Aber er schreckte wieder hoch. Es war da etwas in diesem Saale, das ihm die ersehnte Ruhe zerstörte. Er sah mit weit aufgerissenen Augen umher, und sein Blick fiel auf den Kammergerichtsrat a.D. Fromm, der am Geländer des Zuhörerraums stand und ihm Zeichen zu machen schien. Quangel hatte den alten Herrn schon vorher gesehen, wie überhaupt nichts seiner regen Aufmerksamkeit entgangen zu sein schien, aber bei den vielen erregenden Eindrücken dieses Tages hatte er nicht viel Notiz von dem früheren Hausgenossen aus der Jablonskistraße genommen.
Jetzt also stand der Rat an der Barriere und machte ihm Zeichen.

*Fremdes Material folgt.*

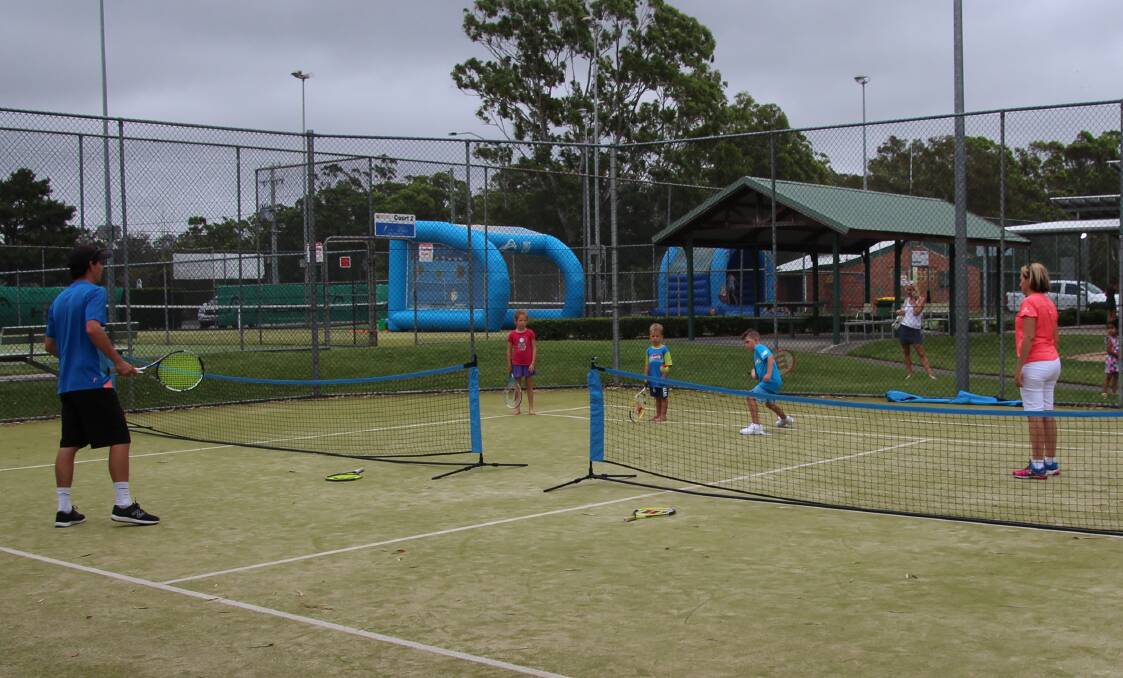 JOINING IN: The children had a lot of fun out on the court during open day, with head coach Tim Low out there with them having a hit.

Quangel warf einen Blick auf die beiden Schupos. Sie standen etwa drei Schritte von ihm entfernt, keiner sah ihn an, und sie waren in ein sehr lebhaftes Gespräch vertieft. Quangel hörte gerade die Worte: »Und da faß ick den Bruder ins Jenick …«
Der Werkmeister war aufgestanden, hatte die Hosen fest mit beiden Händen gepackt und ging nun Schritt um Schritt durch die ganze Länge des Saales auf den Kammergerichtsrat zu.
Der stand an der Barre, den Blick hielt er jetzt gesenkt, als wolle er den herannahenden Gefangenen nicht sehen. Dann – Quangel war nur noch ein paar Schritte von ihm entfernt – drehte sich der Kammergerichtsrat rasch um, ging zwischen den Stuhlreihen hindurch und auf die Ausgangstür zu. Aber, von ihm zurückgelassen, lag ein kleines weißes Päckchen, nicht einmal so groß wie ein Garnröllchen, auf dem Geländer.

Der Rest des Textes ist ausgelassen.